M. Dubeňová¹, T. Šima²⋅*, R. Gálik¹, Š. Mihina¹, G. Vagač³ and Š. Boďo¹

¹Slovak University of Agriculture in Nitra, Faculty of Engineering, Department of Production Engineering, Tr. A. Hlinku 2, 94976 Nitra, Slovak Republic 2Slovak University of Agriculture in Nitra, Faculty of Engineering, Department of Machines and Production Systems, Tr. A. Hlinku 2, 94976 Nitra, Slovak Republic; *Correspondence: tomasko.sima@gmail.com 3Slovak University of Agriculture in Nitra, Faculty of Agrobiology and Food Resources, Department of Animal Husbandry, Tr.
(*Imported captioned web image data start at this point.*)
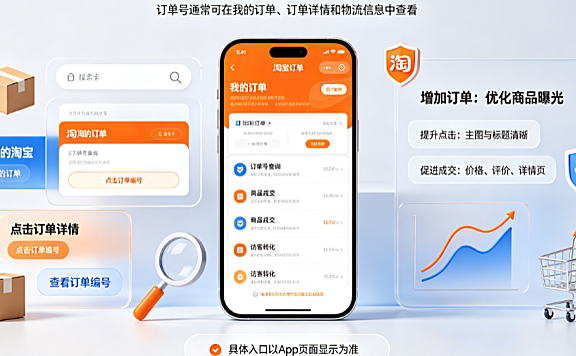 淘宝订单号查询在哪里?淘宝订单如何增加?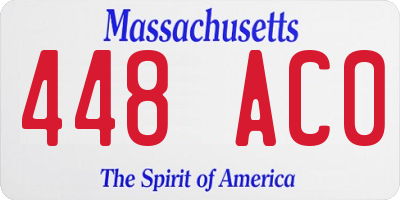 MA license plate 448AC0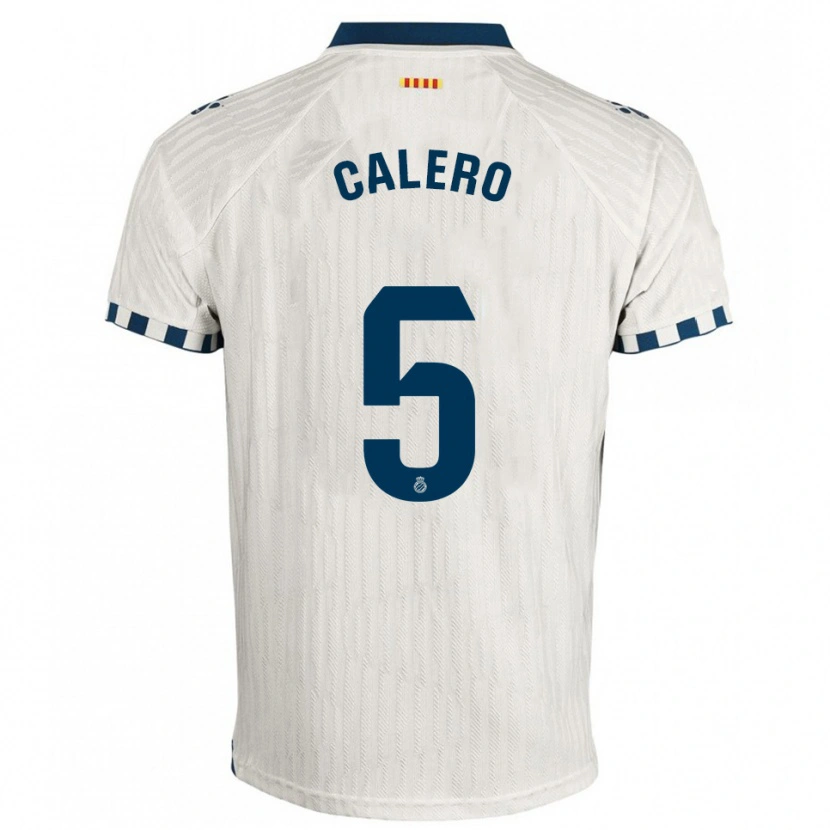 Danxen Barn Fernando Calero #5 Vit Blå Bortatröja Matchtröjor 2025/26 Tröjor T-Tröja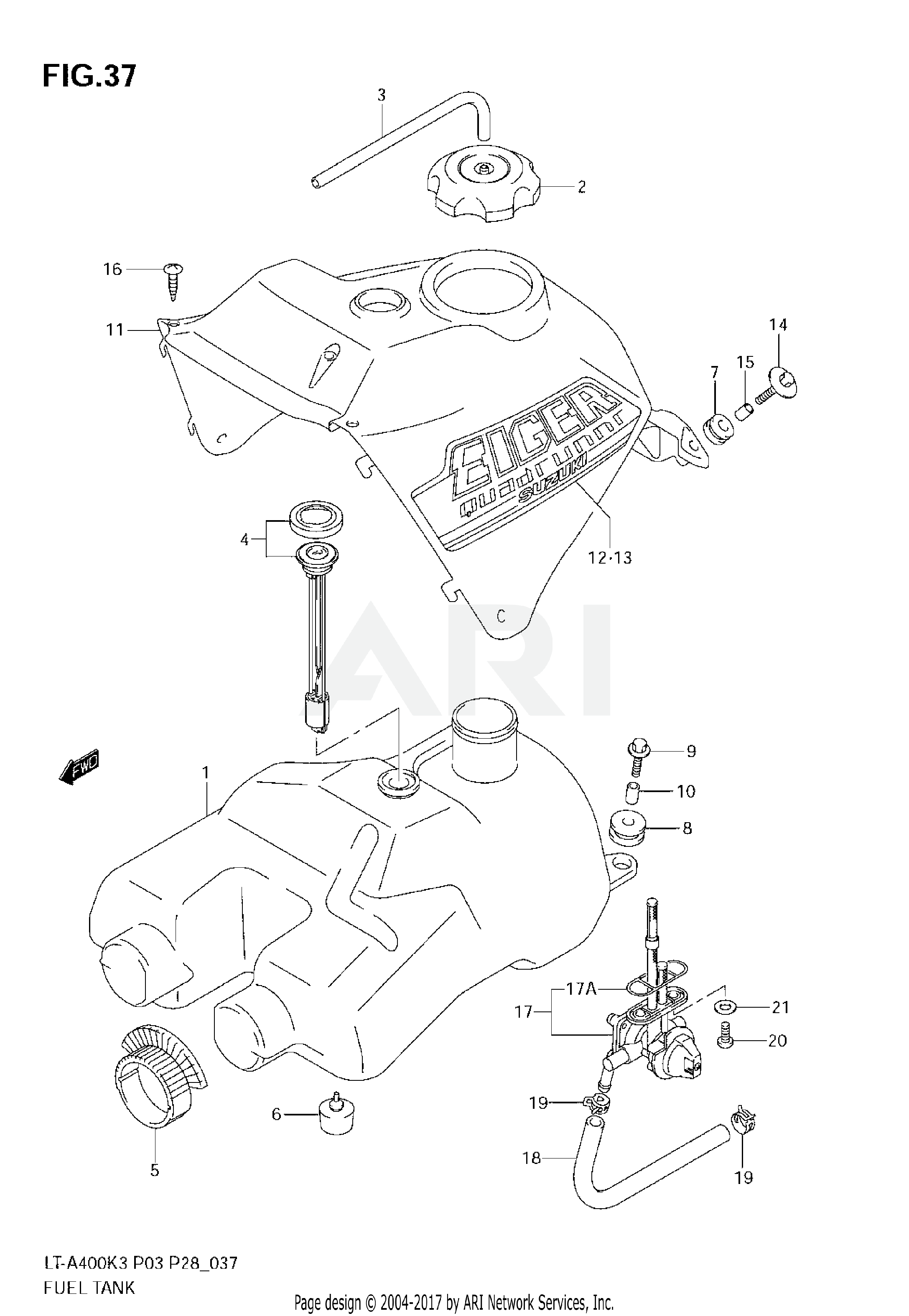 FUEL TANK (MODEL K3)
A. Hlinku 2, 94976 Nitra, Slovak Republic

Abstract:

Agriculture, especially animal production, is one of the most important factors influencing greenhouse gases in the atmosphere and causing global warming. The ventilation system in a piggery has a significant impact to carbon dioxide (CO2) and nitrous oxide (N2O) concentrations. The concentrations of these gases in pig housing also affect the air quality and welfare of animals. The aim of the paper was to analyze the effect of ventilation system intensity on the concentration of CO2 and N2O in a piggery. An experiment was carried out at the Experimental Centre for Livestock at the Department of Animal Husbandry, Faculty of Agrobiology and Food Resources, the Slovak University of Agriculture in Nitra, Slovakia. The concentrations were measured by a photoacoustic field gas monitor INNOVA 1412 connected to a multipoint sampler INNOVA 1309. Three levels of ventilation system intensity were used: low, medium and high. Fattening pigs, the Large White breed were housed in the piggery. For our experiment, three sensors were used inside and two sensors outside the barn. Based on the gathered data, statistically significant differences were found between different ventilation system intensities at a 95.0% confidence level. The concentration of gases fluctuates during day time interval and, based on the results, it is possible to set up a ventilation system intensity to create the best possible air quality in a building for pigs.